Assignment: Word for word, transcribe the lines below and drop the pictures.

Source data:
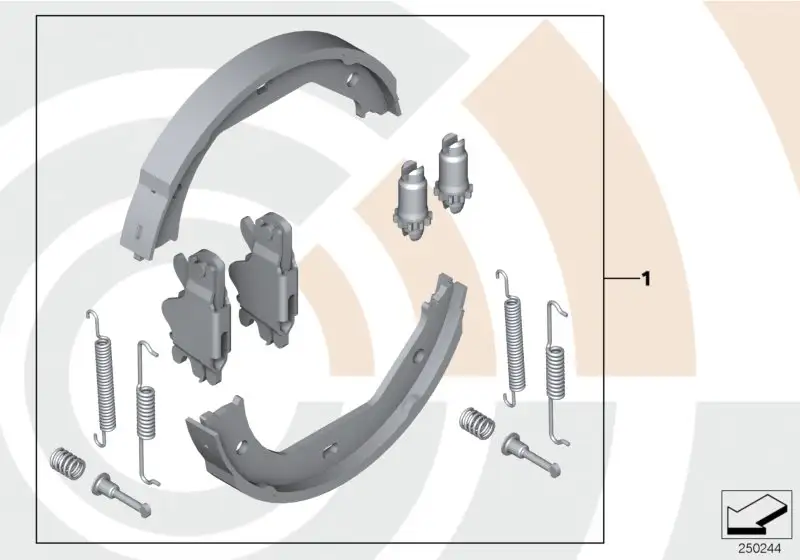 BMW Service Kit Reparatursatz Bremsbacken E46 E81 E82 E84 E87 E88
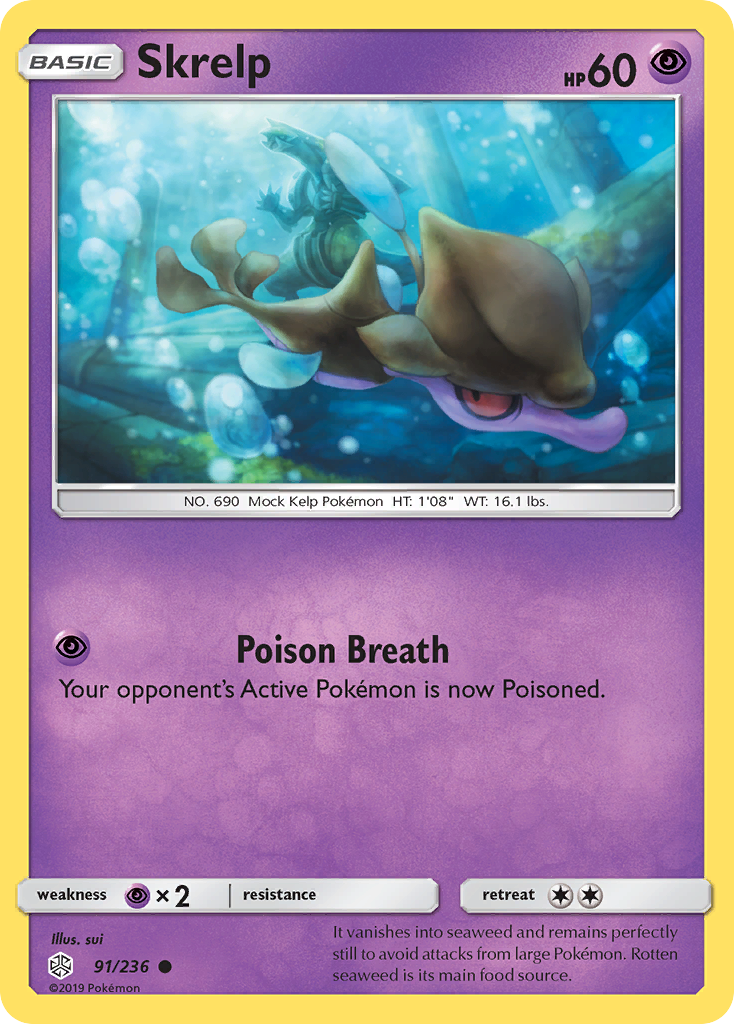 Skrelp (91/236) [Sun & Moon: Cosmic Eclipse] | Odin's Place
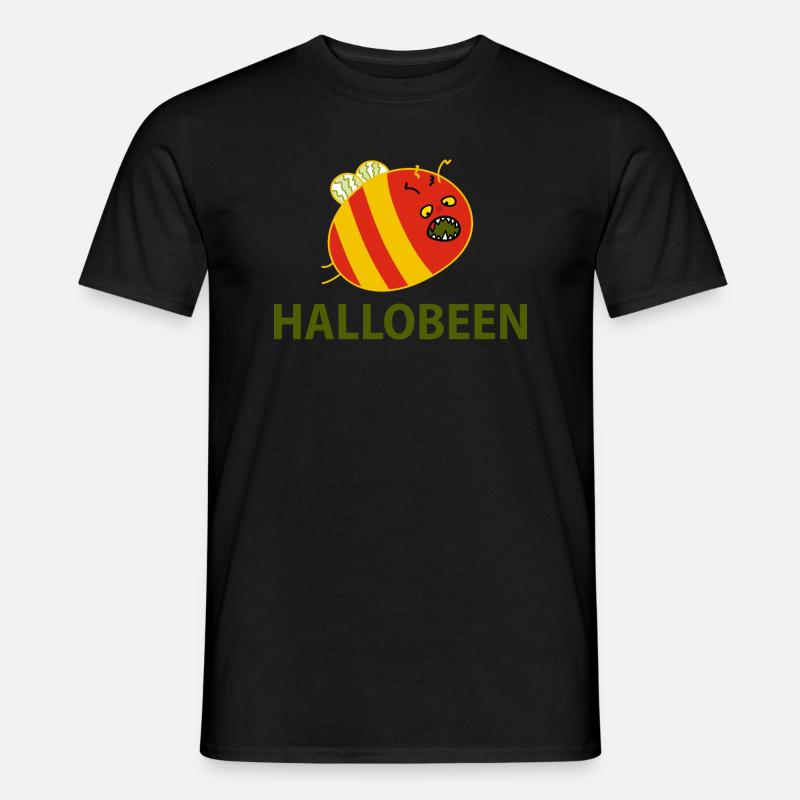 Halloween Monster Biene - Männer T-Shirt - Schwarz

Task response:
 BMW Service Kit Reparatursatz Bremsbacken E46 E81 E82 E84 E87 E88
 Skrelp (91/236) [Sun & Moon: Cosmic Eclipse] | Odin's Place
 Halloween Monster Biene - Männer T-Shirt - Schwarz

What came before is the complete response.